WOOSTER, Ohio -- The Ohio Agricultural Research and Development Center will hold a free tour tomorrow (8/2) featuring new, non-chemical, sustainable ways to manage cucumber beetles and bacterial wilt on melons.
The program looks at ongoing research on using trap crops and row covers. Trials are under way at OARDC’s Frye Farm near Wooster, and that’s where the tour will take place. It’s part of the 2011 Ohio Sustainable Farm Tour and Workshop Series.
“Both organic and conventional muskmelon growers rank the cucumber beetle/bacterial wilt complex as their No. 1 problem,” said Celeste Welty, an OARDC entomologist, a researcher on the project and one of the speakers on the tour.
Bacterial wilt costs growers of melons and other cucurbit crops more than $13 million a year in the eastern U.S. alone, she noted. Cucumber beetles carry the disease and spread it when they feed on melon plants.
While most growers fight cucumber beetles with insecticides, control is erratic, losses still happen and pollinating insects, such as honeybees, may be harmed, Welty said.
Instead, she and her colleagues Sally Miller and Mary Gardiner are evaluating extended-duration row covers, which keep the beetles from getting to the melon plants; and perimeter trap crops of buttercup squash, which offer the beetles a place to feed before they get to the melons.

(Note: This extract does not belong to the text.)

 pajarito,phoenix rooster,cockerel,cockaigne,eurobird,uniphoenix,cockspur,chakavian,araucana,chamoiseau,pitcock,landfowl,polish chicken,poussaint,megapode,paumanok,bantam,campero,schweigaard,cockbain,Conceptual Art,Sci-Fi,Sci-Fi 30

“On many sustainable farms, and particularly on organic farms, there’s interest in using any possible tactics other than pesticides, including cultural tactics like trap crops and mechanical tactics such as row covers,” Welty said.
“In systems where chemicals aren’t used, there’s often an increase in the activity of natural enemies that provide biological control of pests,” she added.

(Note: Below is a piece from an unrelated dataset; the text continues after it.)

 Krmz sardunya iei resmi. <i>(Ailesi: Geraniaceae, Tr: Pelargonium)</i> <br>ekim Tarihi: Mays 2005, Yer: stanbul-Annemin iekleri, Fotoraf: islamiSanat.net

Hours are 4-6 p.m. at the Frye Farm on Dover Road/U.S. 250, about 1 mile east of OARDC’s main entrance at 1680 Madison Ave., in Wooster.

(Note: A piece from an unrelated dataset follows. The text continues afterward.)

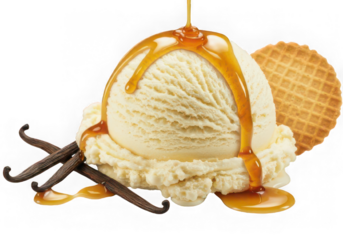 Vanilla Ice Cream with Caramel Drizzle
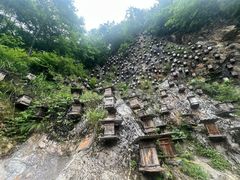 -神农架景区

For more information, call 614-292-2803 or e-mail welty.1@osu.edu.
Six organizations, including Ohio State University’s Sustainable Agriculture Team, are presenting the Sustainable Farm Tour series.
Get complete details and a list of all 36 tours in the series at http://go.osu.edu/DR3.
Welty, Miller and Gardiner all hold appointments with OARDC and with Ohio State University Extension.
OARDC and OSU Extension are the research and outreach arms, respectively, of Ohio State’s College of Food, Agricultural, and Environmental Sciences.